This repository implements an MCP Server that enables RAG agents to retrieve relevant examples and codes within a hierarchical classification system in official statistics, like COICOP or NACE. When an agent retrieves relevant examples using semantic search or a keyword-based search from a dataset of labelled historical examples, it receives a structured markdown summary of the contents and meaning of a certain code within the classification system.
The repository contains a workflow to finetune an embedding model using Multiple Negatives Ranking Loss. This may be necessary due to the high domain specificity of the labelled data used, e.g. heavily abbreviated product names or ambiguous company names.
The MCP server also provides the agent with tools to hierarchically search the classification system for relevant codes when semantic and keyword search did not lead to a relevant result.
Key features of the MCP Server:
- Retrieval of relevant examples using semantic and keyword-based (SQLite FTS5) search
- Hierarchical exploration of the classification system
- Structured Markdown context generation for RAG pipelines
- Dependency-injected, testable architecture
IMPORTANT NOTICE: This project is still in development and will be constantly expanded.
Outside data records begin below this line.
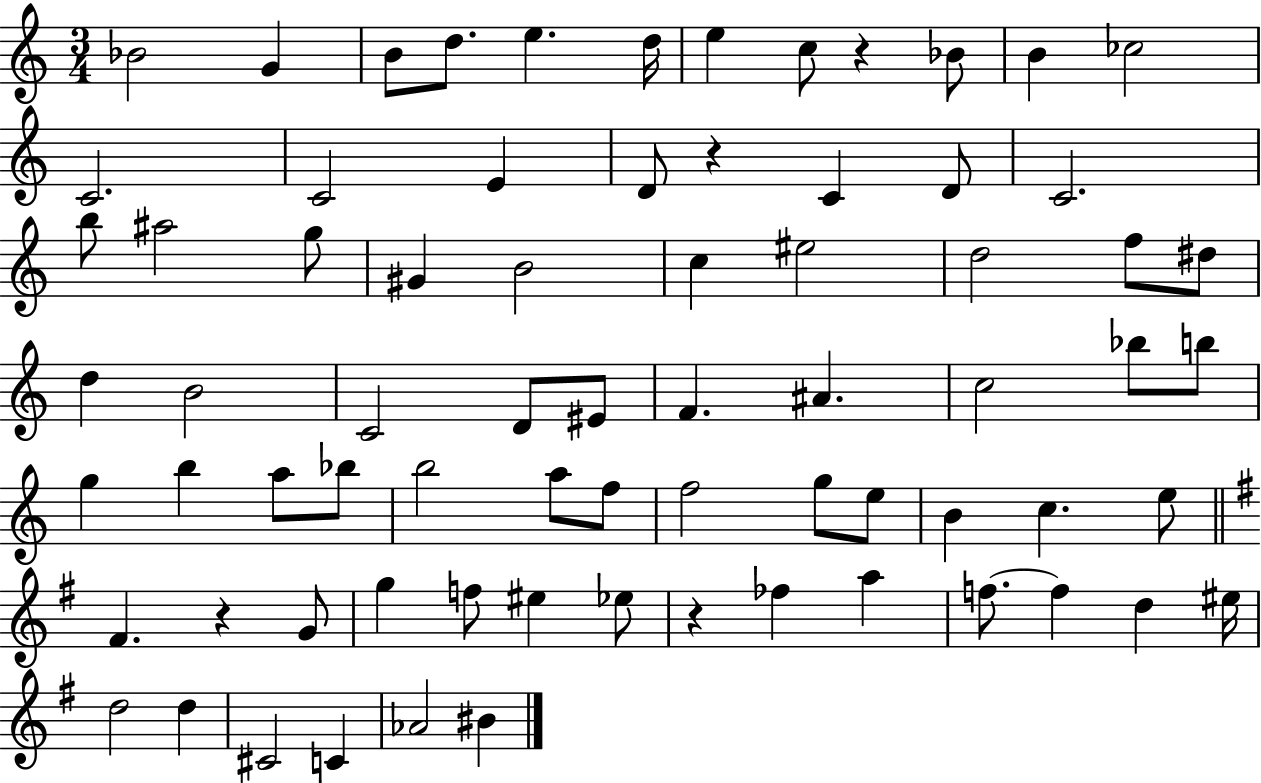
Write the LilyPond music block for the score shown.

{
  \clef treble
  \numericTimeSignature
  \time 3/4
  \key c \major
  \repeat volta 2 { bes'2 g'4 | b'8 d''8. e''4. d''16 | e''4 c''8 r4 bes'8 | b'4 ces''2 | \break c'2. | c'2 e'4 | d'8 r4 c'4 d'8 | c'2. | \break b''8 ais''2 g''8 | gis'4 b'2 | c''4 eis''2 | d''2 f''8 dis''8 | \break d''4 b'2 | c'2 d'8 eis'8 | f'4. ais'4. | c''2 bes''8 b''8 | \break g''4 b''4 a''8 bes''8 | b''2 a''8 f''8 | f''2 g''8 e''8 | b'4 c''4. e''8 | \break \bar "||" \break \key g \major fis'4. r4 g'8 | g''4 f''8 eis''4 ees''8 | r4 fes''4 a''4 | f''8.~~ f''4 d''4 eis''16 | \break d''2 d''4 | cis'2 c'4 | aes'2 bis'4 | } \bar "|."
}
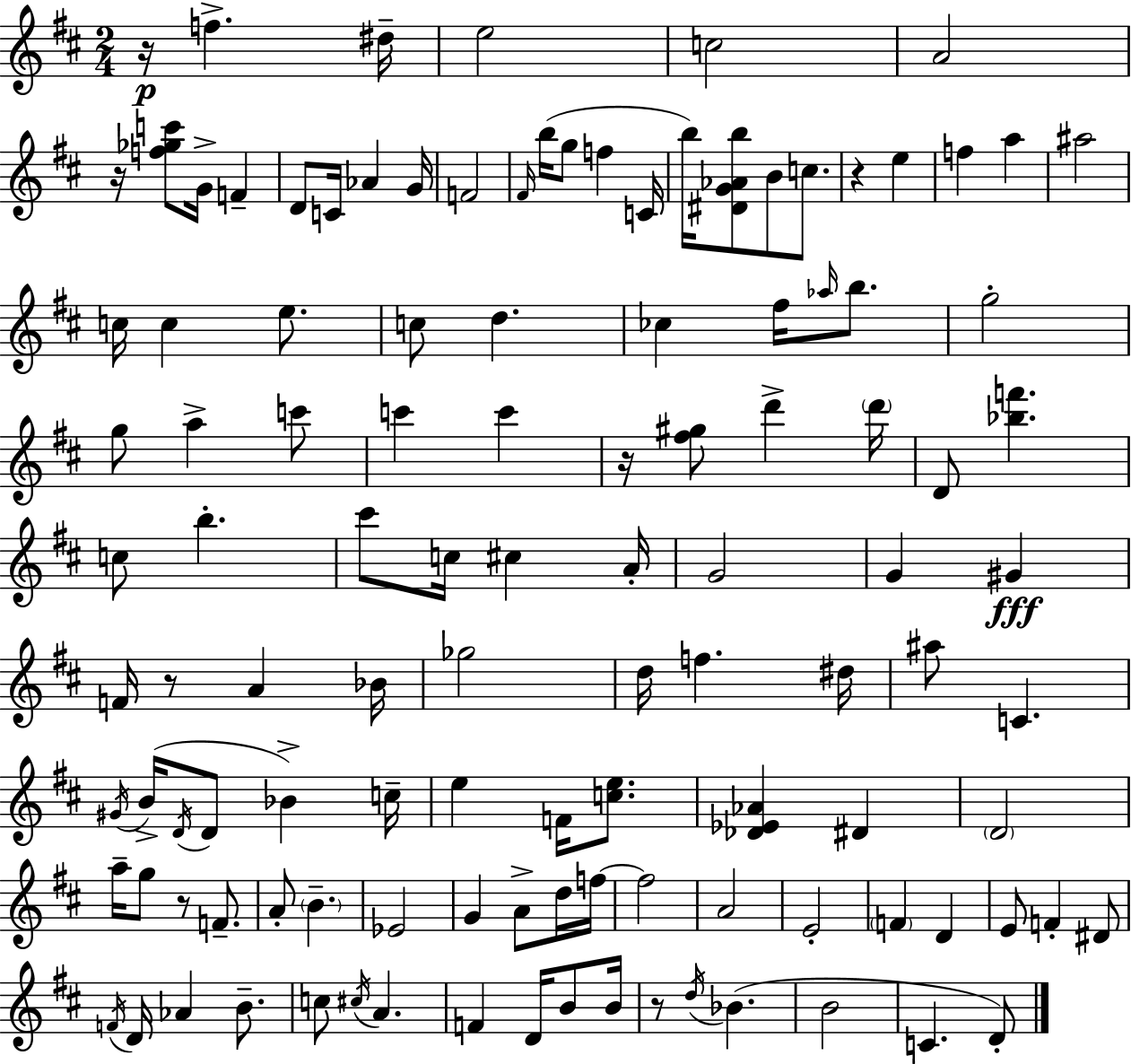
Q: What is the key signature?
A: D major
More documentation and notebooks with examples will follow.
- Project Structure
- Available MCP Tools
- Components of the MCP Server
- Retriever
- StringMatcher
- VectorStore & Custom Embedding Management
- Description Generation Pipeline
- Model Fine-Tuning Pipeline (MNRL.py)
- Agents
- Testing
- Setup and Usage
├── agent.py # DSPy ReAct agent that interacts with the MCP Server via SSE
├── src/
│ ├── mcp_server/
│ │ ├── server.py # FastMCP server: dependency injection + tool registration
│ │ ├── agents/
│ │ │ └── online_retail_classification.py # Standalone DSPy ReAct agent (no MCP, direct tool calls)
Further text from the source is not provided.